# Can we solve KL divergence between Gaussian Mixtures by thinking conditional cases?

I learned that KL divergence between two Gaussian Mixtures is intractable, not easy to solve. But I am wondering if we can solve it by thinking conditional cases?

Let's say, a single multivariate Gaussian and a 2-mixture multivariate Gaussian as shown below. $$g_{A}=Gauss(\mu_A,\sigma_A )$$ $$g_{B+C}=w_B\cdot Gauss(\mu_B,\sigma_B )+w_C\cdot Gauss(\mu_C,\sigma_C )$$ Is KL divergence below correct?

$$D_{KL} \left( g_{A}\right| \left| g_{B+C} \right)=w_B\cdot D_{KL} \left( g_{A}\right| \left| g_{B} \right)+w_C\cdot D_{KL} \left( g_{A}\right| \left| g_{C} \right)$$

seeing weights $w_B$ ,$w_C$ as conditional probabilities, $P(D_{KL}|g_B)$,$P(D_{KL}|g_C)$.

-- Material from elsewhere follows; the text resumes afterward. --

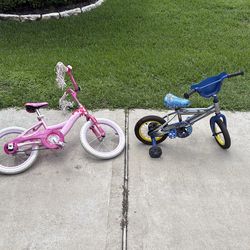 Boys and girls bicycle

No, the KL divergence $D(p||q)$ is convex in the pair $(p,q)$ so the equation you wrote holds as an inequality: $$D_{KL} \left( g_{A}\right| \left| g_{B+C} \right)\leq w_B\cdot D_{KL} \left( g_{A}\right| \left| g_{B} \right)+w_C\cdot D_{KL} \left( g_{A}\right| \left| g_{C} \right)$$ See this paper by Hershey and Olsen and also this post on related material for approximating the KL between mixtures of distributions.